Indeed, for Anne Boden, who founded Starling Bank in 2014, getting finance proved very difficult. “Unfortunately there was no money for starting a bank because no one had ever done it before,” said Boden.

However, Starling Bank – which launched in 2017 – is now scaling up successfully, increasing its customer base by more than 450pc in the past 12 months. It has recently raised £75 million (including £60 million Series C funding) and received a £100 million grant as part of an RBS fund to boost banking competition.

So how do businesses make the transition from start-up to scale-up? According to the CBI’s Burch, there are three factors which determine whether businesses “scale or fail”. These are good leadership, the desire to innovate and the recruitment of talent.

“Businesses that innovate grow twice as quickly in employment and sales as those that don’t. Innovation is critical for boosting productivity,” she said.

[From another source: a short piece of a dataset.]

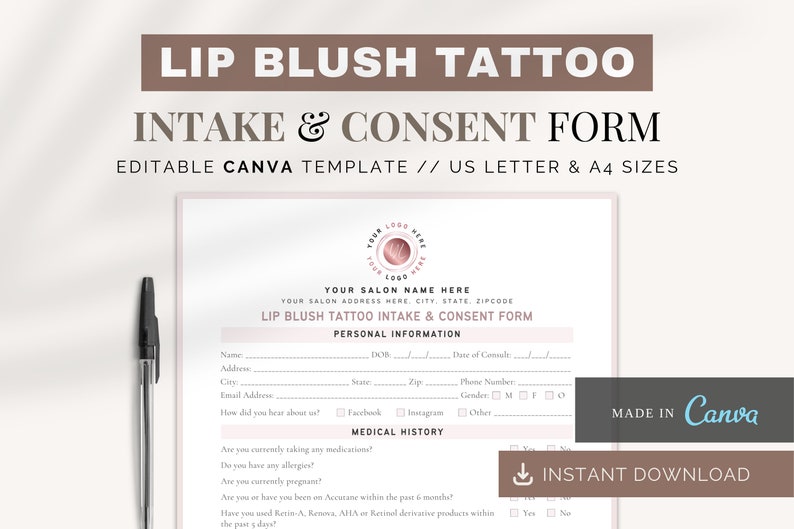 Lip Blush Tattoo Intake Form Canva Templates Consultation Form Lip Tint ...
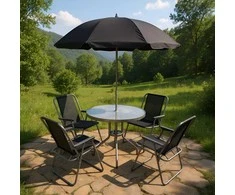 Lauko baldų komplektas Makasar antracito PATIO sodo baldų komplektas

The ScaleUp Institute’s Graham agreed that innovation is vitally important, and one of the key traits of scaling businesses is their innovation and internationalisation. She stressed that companies can’t do it in isolation. “There is a need for collaboration across the scale-up community which means corporates, financiers, educators and government acting together to support our scaling firms,” she said.

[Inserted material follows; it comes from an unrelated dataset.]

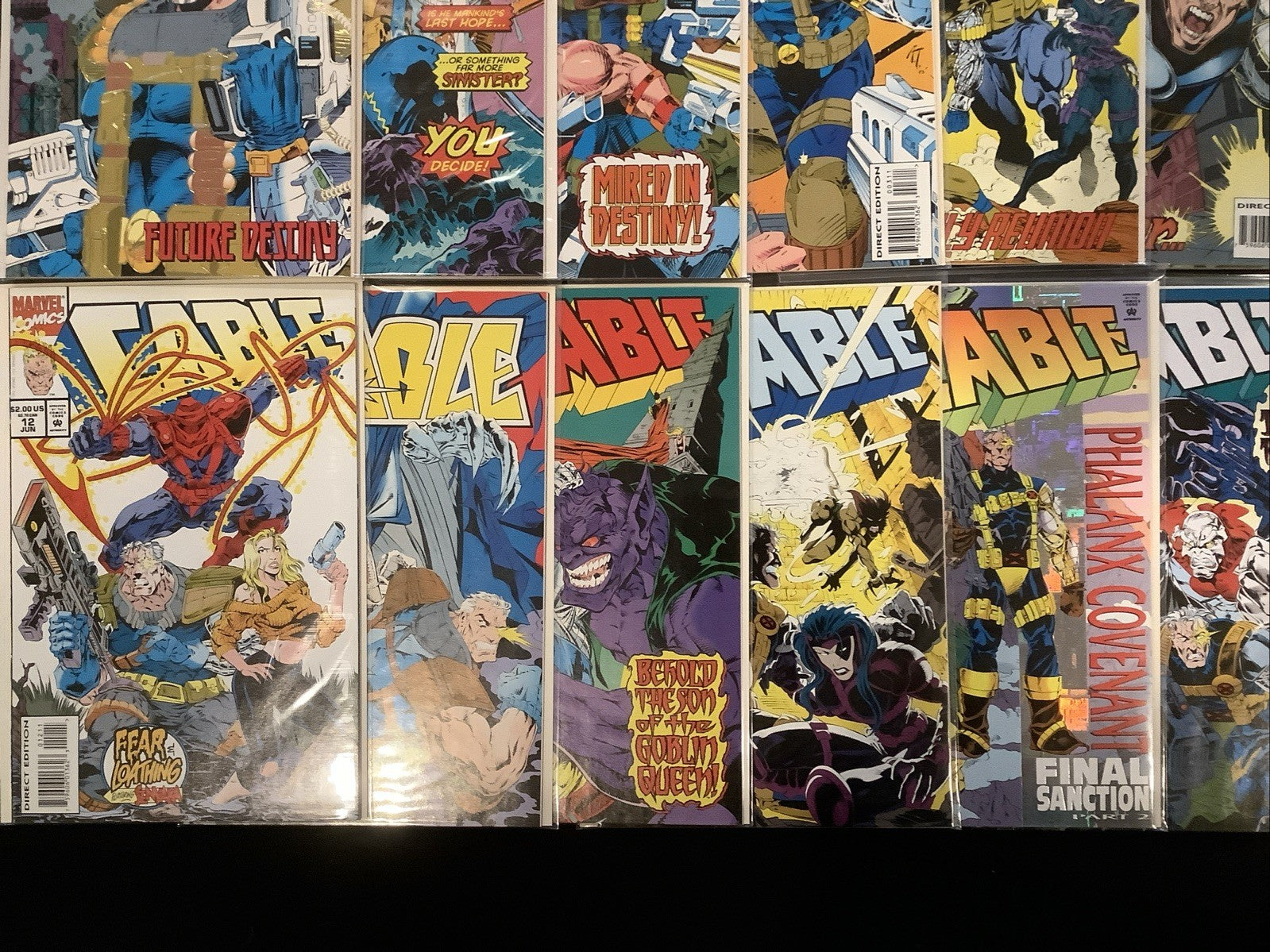 Cable #1-23 & #-1 Comic Lot, Marvel Comics, Gold Embossed Cover, 1st App Marrow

For Starling Bank’s Anne Boden the UK provides a perfect combination of technology skills, a progressive regulator and great talent. However, people in the UK are “reticent in blowing their own trumpets” compared with peers in other countries.

According to Boden, London became a hotbed of fintech innovation following the first PSD (Payment Services Directive) in 2009 when traditional banks were failing to innovate and keep up with changes in user behaviour. “They were refurbishing branches but the only difference in their strategies was the colour of the carpets,” she said.

Like Starling Bank, what3words – an innovative global addressing system which divides the world into a grid of 3m by 3m squares, giving each a unique three-word grid reference – has been able to scale up its business rapidly since launch in 2013, and now employs more than 100 staff across sites in the UK, USA, Mongolia, Saudi Arabia and South Africa.

Not only is its solution used by emergency services in the UK, it’s now being installed as a standard in the head units of selected Mercedes Benz cars, and also lists Ford, Cabify, Lonely Planet and Airbnb as partners. According to Camilla Taylor, CFO at what3words, the scale-up journey has been supercharged, with its achievements and of course, its challenges.

“That’s not a reflection on the UK, which is a marvellous place to innovate. It’s just a very involved and intense process to scale up anywhere in the world,” she said. Taylor also explained how, inevitably, fundraising activities can take time away from key people involved in growing the business, which must be factored in.

Embracing technology and committing to change is essential even for businesses that, on the face of it, have nothing to do with such development. For online grocery store Ocado, now the world’s largest dedicated online grocery retailer, innovation and disruption is at the heart of everything it does. Not only has it built its own software, it’s also started to build hardware – robots that it plans to use to disrupt other sectors.

According to the company’s CTO, Paul Clarke, companies need to “embrace uncertainty” and “break rules” to grow in an era of digital disruption. “Playing King Canute and trying to turn back the technological tide won’t end well.”